Rea was a naturally gifted guitarist, a Clark rather than a Hill, and found himself propelled into the limelight. A little reluctantly, he became a pop superstar with a string of hits; then, like many before him, he felt he had to tackle America.
“I was making a good living,” he says, by which he means he was already cramming a young family into a 2+2 Ferrari, “but the Americans wanted to make me into somebody I wasn’t. I didn’t want to be a manufactured megastar, it didn’t interest me, and they simply didn’t understand that. In fact they got quite angry when I didn’t want to go along with the whole ‘hit factory’ thing they had planned.”
So he came home, suffering a trough in his remarkable rollercoaster of a career. He kept on writing songs, played his beloved blues and toured with his band in Europe. But he’d been fortunate to make a lot of money, had met a lot of people and fell in with the lads from Jordan Grand Prix. Not a bad place to be for an Irish-Italian motor racing fanatic.
“They were great times,” he grins. “I drove the Jordan 193 at Silverstone. Unbelievable – to be driving an F1 car, just incredible. Those brakes! First time, braking for Stowe, I could feel my breakfast coming back up. I spent a lot of time with Jordan in those days and I was even asked to be the left rear tyre cover man for the Monaco GP in 1995. That was a great experience, being so close to it all, and standing out the back watching the cars through the swimming pool section. But now I prefer good old club racing, or the Ferrari Challenge, because I want to be out there, racing. Going out onto the race track is like going into a guitar solo, same kind of feeling.”
Perhaps Chris’s happiest racing moment came at the Goodwood Festival of Speed when Phil Hill drove the ‘sharknose’ recreation Rea had commissioned for his 1995 film Passione, a musical tribute to his beloved Ferrari and a nostalgic flashback to his boyhood.
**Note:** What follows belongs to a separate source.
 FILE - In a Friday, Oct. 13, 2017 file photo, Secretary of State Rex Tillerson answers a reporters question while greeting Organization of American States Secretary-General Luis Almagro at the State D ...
“I couldn’t afford to buy one so we made one,” Rea says. “I showed the photos of Willy Mairesse’s car upside down at Spa to an engineer from Shoreham who was racing Caterhams and he realised that it was very simply put together, a simple construction. That’s how they were in the early 1960s. He built me one for £30,000. Of course it was a great moment when Phil drove it, I was in tears. But then the car became a problem, everyone wanted to sell me an engine, or some old ‘genuine’ parts and I just didn’t need the hassle of it any more. Too stressful, too complicated, no more joy.”
And that is typical of the man. A genuine, passionate enthusiast with motor racing running through his veins. Historic racing needs people like this.